View Full Version : Is it safe to delete pages that have been 301 redirected?
NoHarleys
08-16-2011, 10:50 PM
Since one of my sites "fell" last week I decided to play around good and hard within webmaster tools. Found some odd stuff that I feel I should clean up.
Under crawl errors, I have over 3000 pages "not found". This is mainly due to some of my old pages that were html based are linked to my old cgi based cart. I have not used that cart in years so all the links are dead. Even though I have all these old pages forwarded to my new cart with 301 Redirects (via .htaccess), it is still reporting the errors. Is it safe to just remove the old pages from my server that haven't been in use for several years? Or what should be my plan of attack?
SteveGerencser
08-17-2011, 12:40 AM
At this point, yes.. I'd kill the pages and forge them..
weegillis
08-17-2011, 11:31 AM
Try using a custom 404 page. That really helps.

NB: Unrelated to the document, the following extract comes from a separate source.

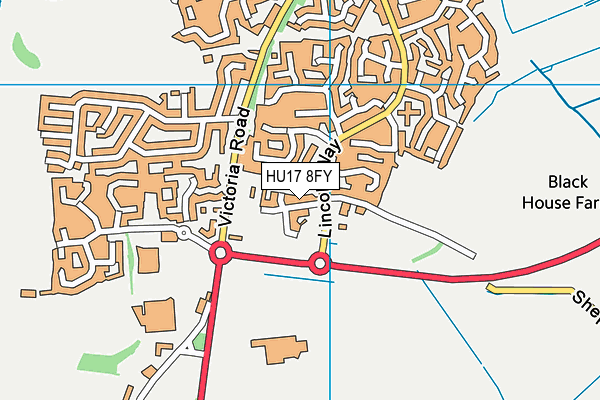 HU17 8FY map - OS VectorMap District (Ordnance Survey)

Also it is always good and safe to redirect your traffic when a website hosting is renewed, regardless of the fact that you only change the hierarchy or remove few pages.
It is safe to remove old pages once the traffic stops.
404 should only be served out if you want the page removed from the search index. Otherwise it NEVER really helps. Having one [custom 404 page] in place is only useful for serving up links to pages that MAY be helpful (on one's own site) to the visitor who has requested a missing page.
If we think about it a minute, having 301'd a page is as much as deleting it, anyway. It can never be reached again. 301 is permanent. Yes, the pages can be removed as stated multiple times in this thread.
bhartzer
08-17-2011, 11:40 AM
If you can remove the old pages and the old cgi-based cart then I would do that--just make sure they are truly doing a 301 redirect to the new location (check it with a server header check tool).
I would also do some backlinks checks to see if there are any links from other sites to those URLs and see if you can get them updated.
Finally, spider your own site and see if those URLs and links to those old URLs still exist. There may be some internal links that need to be cleaned up, as well.
cbosleeds
08-17-2011, 03:38 PM
The above advice is good so at the risk of repeating it - check for IBLs to your dead pages and if there are none then kill these pages. if there's a good source of links to any of them, try to get the links moved, but if you can't maybe keep the redirects from the recipient pages live and even put full a href links from these pages to live pages on your site to pass the benefits of the links along to your live site.
office7
08-17-2011, 07:24 PM
NoHarleys, If you simply delete the pages from your server you will continue to get 404 errors until you fix the source of the problem.
In fact, if the files are still on your server, why are you getting 404 errors at all? Are urls being retrieved malformed urls. Sometimes inbound links are not correct. If that is the source of your problem, find the most common errors and redirect those malformed urls to where you want them to go.
If the urls are correct, then find out why the redirects are not working. Check your .htaccess for correct syntax, correct urls, etc. Just deleting the files will not fix the problem.
In fact, once you have the real source of your problem fixed, you can even leave the old files on your server -unless you are short on space!
In addition to the above, you can ask webmasters to link to the new urls. I find that for low value pages, this is not really worth the effort.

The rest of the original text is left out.